Sunday, June 8, 2014

The Student Loan Fiasco

Government policy seems designed to impoverish young people.  One big nail in the coffin of the hopes of the 18-35 age group is the government's policy on student loans.  Loans should be left to the free market.  The government should have no role.  Unfortunately, the government sees things differently.

The result is that loans are automatically granted to teenagers who are contemplating attending college.  Colleges lobby hard to get the government to expand such loan programs and they have been successful.  As usual, government loan programs are expanded in a bi-partisan manner.  There are precious few defenders of free market economics, when it comes to student loan programs.

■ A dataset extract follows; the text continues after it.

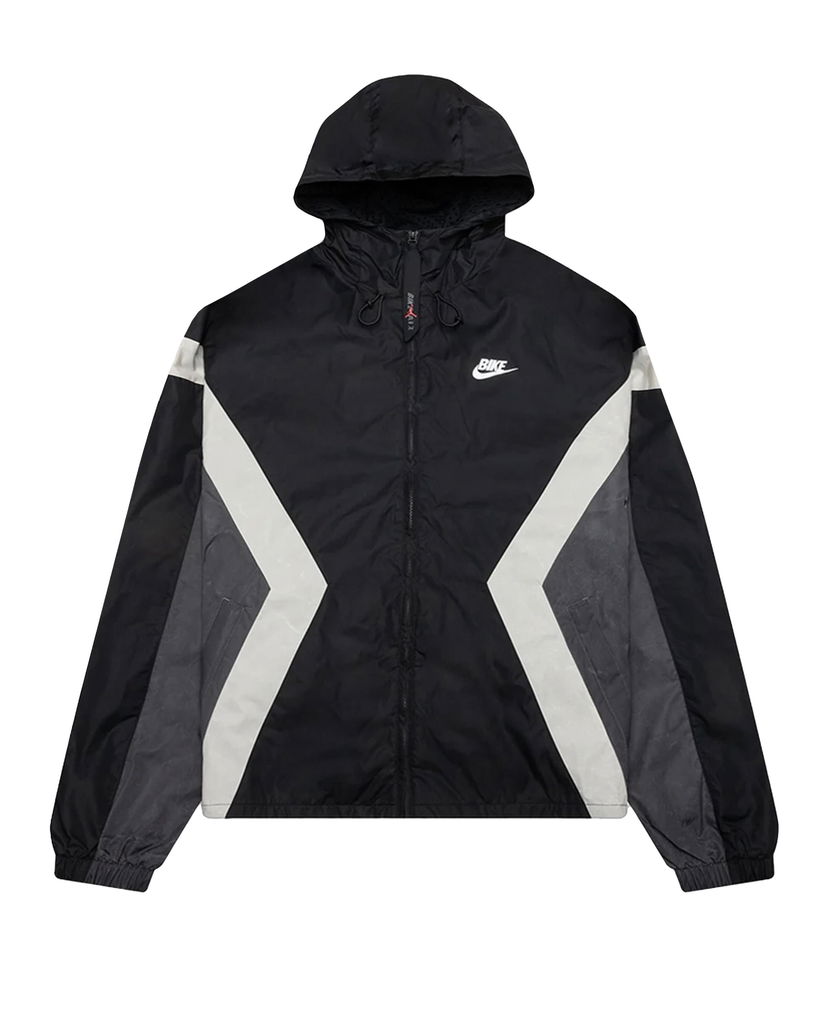 Vetrovka Jordan Jordan Bike Draft Jacket Črna | HQ1738-010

These same prospective students, desperate for job training, are forbidden by law from receiving that training on the job (think minimum wage laws), so they turn to community colleges and vocational training schools.  Enter the government. 

The government provides the loans, colleges then jack up tuition and embark on absurd expenditures having nothing to do with education.  Have you visited a college campus lately?  It is ridiculous where the money goes.  Since government makes money available through government loans to impoverished students, the colleges find a way to spend it and jack up tuition ever higher.

So, then what?  Students either drop out or graduate, but the loans remain, a blot on their future.  In today's NYTimes Natalie Kitroeff chronicles in detail what happens to some of these students in "Young and In Debt in NY City."  This is an American tragedy and millions of young Americans are caught in this government-created trap.

As usual, government policies like this mainly affect youngsters in the bottom half of the country's wealth and income profile.  This is part of an apparently determined government effort to eliminate opportunity for those who are born in modest circumstances.  That's why folks like Warren Buffett support this.  It doesn't affect him or anyone that he is ever likely to meet.